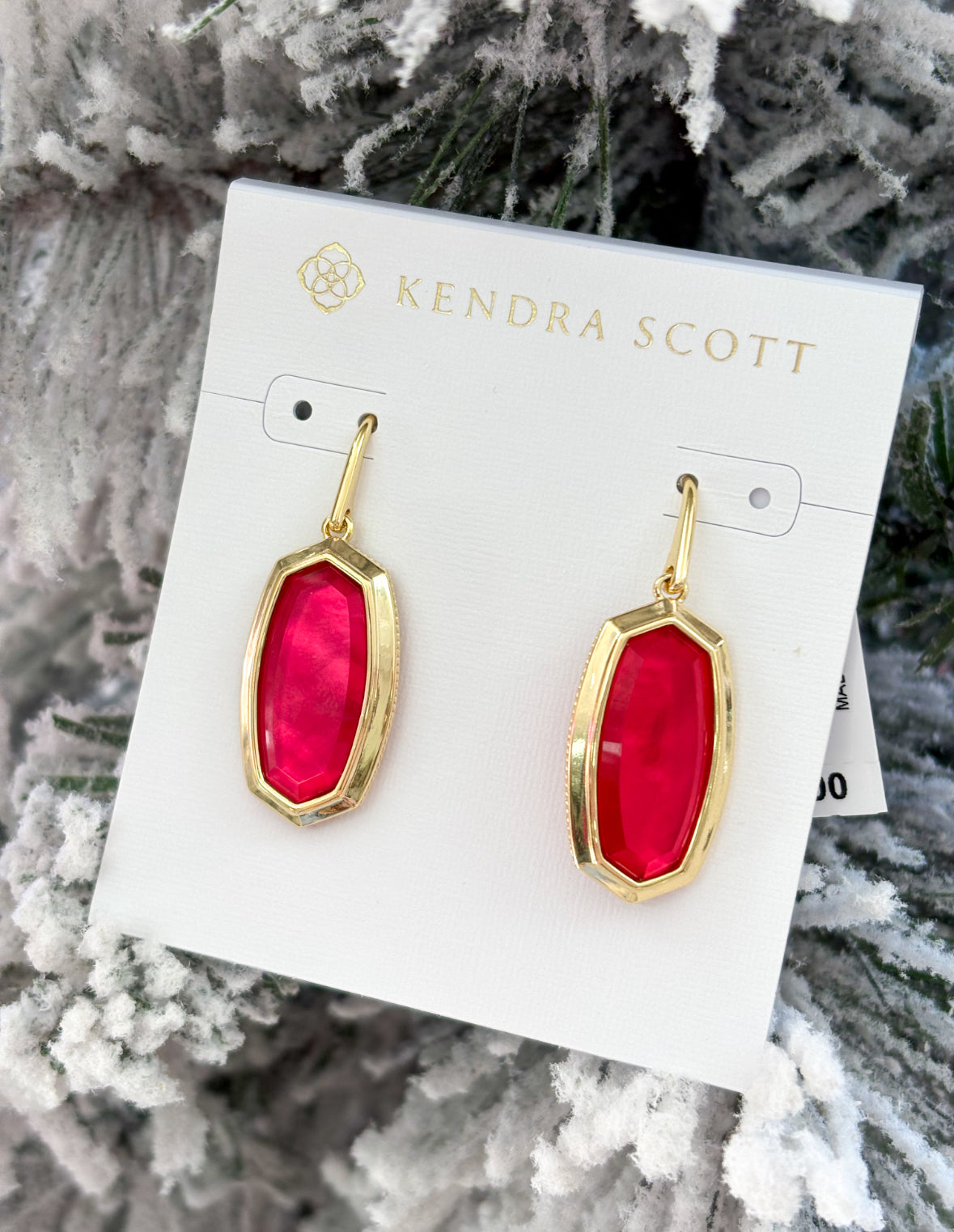 Dani Bezel Drop Earrings Carmine Red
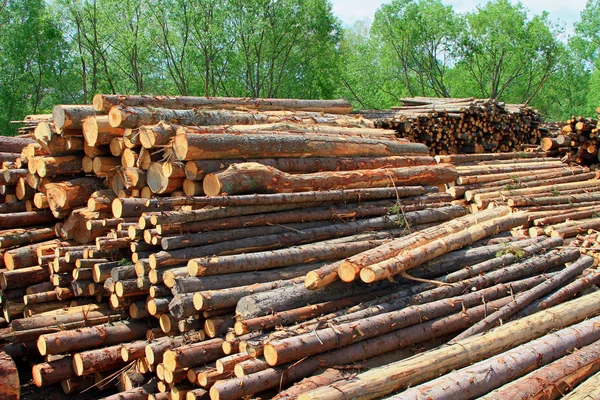 Holzbearbeitung — Stockfoto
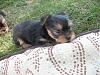 Bella's babies - 7 weeks old and leaving soon-yt7.jpg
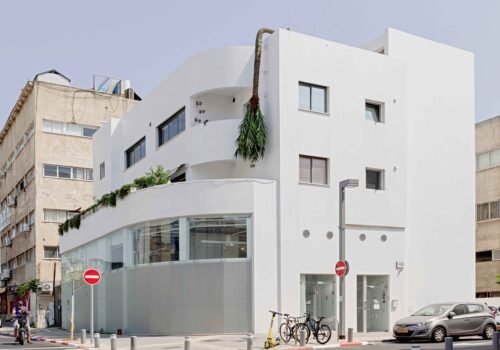 \Permanent installation of a fake coconut tree bending down from the roof along the facade of Artport Residency Building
┄┄┄┄┄┄
* **AIM OF THE TASK**
With the pictures omitted, print each line of the data above precisely as given.

* **OUTPUT FOR THIS EXERCISE**
 Dani Bezel Drop Earrings Carmine Red
 Holzbearbeitung — Stockfoto
 Bella's babies - 7 weeks old and leaving soon-yt7.jpg
 \Permanent installation of a fake coconut tree bending down from the roof along the facade of Artport Residency Building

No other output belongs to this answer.